However, in practice life doesn't seem to work that way. No matter how hard you try things still go wrong out of 'nowhere'. Having to be constantly right (or know it all) is like the full cup that has no room for more, so I've found that the practice of making room to potentially find myself in the wrong is crucial to my spiritual development. The process of building new belief systems includes facing the fact that lots of the old beliefs were 'wrong' (maybe 'outdated' is a little easier to handle sometimes). The hardest part of this journey is to allow the 'old me' to have been wrong... harder still is to allow the 'new me' to do things that may end up being wrong - and possibly even fail - is traumatisingly scary. And devastating when that failure occurs. It's not like I've never failed before, and I know without a doubt that I can pick up the pieces, it's just hard to live life without all my cushions.

So to all those who were only trying to help, share or advise and I was prickly back to them I apologise for when I acted unkindly out of pain and fear... To those I may unconsciously do that to again - I promise to do my best!!! Thank you for your patience and support. I am where I am because of your compassion and support despite my best efforts to block your goodness from melting my guarded heart.

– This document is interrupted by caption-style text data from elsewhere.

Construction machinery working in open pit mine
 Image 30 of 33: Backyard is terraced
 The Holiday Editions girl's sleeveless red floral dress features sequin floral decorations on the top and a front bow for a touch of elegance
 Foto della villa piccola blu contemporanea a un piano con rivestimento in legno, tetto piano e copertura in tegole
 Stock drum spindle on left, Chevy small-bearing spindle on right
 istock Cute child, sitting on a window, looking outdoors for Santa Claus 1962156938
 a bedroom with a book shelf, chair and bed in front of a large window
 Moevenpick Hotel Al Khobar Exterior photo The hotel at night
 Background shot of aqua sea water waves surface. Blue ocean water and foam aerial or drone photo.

To anyone who is the recipient of another person's prickliness: my gran gave my mother the best advice ever when I was a teenager... "Just LOVE her!!!". So many people walk around feeling not good enough after being given the 'cruel-to-be-kind' treatment (myself included). It hurts to be constantly criticised, teased (kids are mean and a part of me is still recovering from boarding school), or shamed into submission.

I will always remember how I quit smoking. It didn't matter who said what about how unhealthy it was (I think I had a bit of a self destructive streak anyway, so that wasn't convincing enough) The nasty pictures on the boxes certainly didn't stop me from buying cigarettes in Canada. It was only when I was ready to do it for myself that I did it, and the people that I turned to were not the ones that were most vocally critical of my bad habit, but rather those who loved me for me anyway and believed I could do it, didn't push, but let me know they were there for me whenever I was ready! I truly hope I can be the same for others!!!

Oddly enough those around me's resistance to my 'weird' path diminishes as my self confidence and self honouring grows. Funny thing that...

1 comment:

  1. Boarding school was really tough on me too. I was ridiculed and teased extensively. The reason why it persisted is not so much that there was something "wrong" with me, but rather because I reacted to & handled it badly. Being much older really has given me time to be wiser. It was all in the way I reacted & handled people. Everything was in absolutes back then, and now days it is so much easier to allow different view points.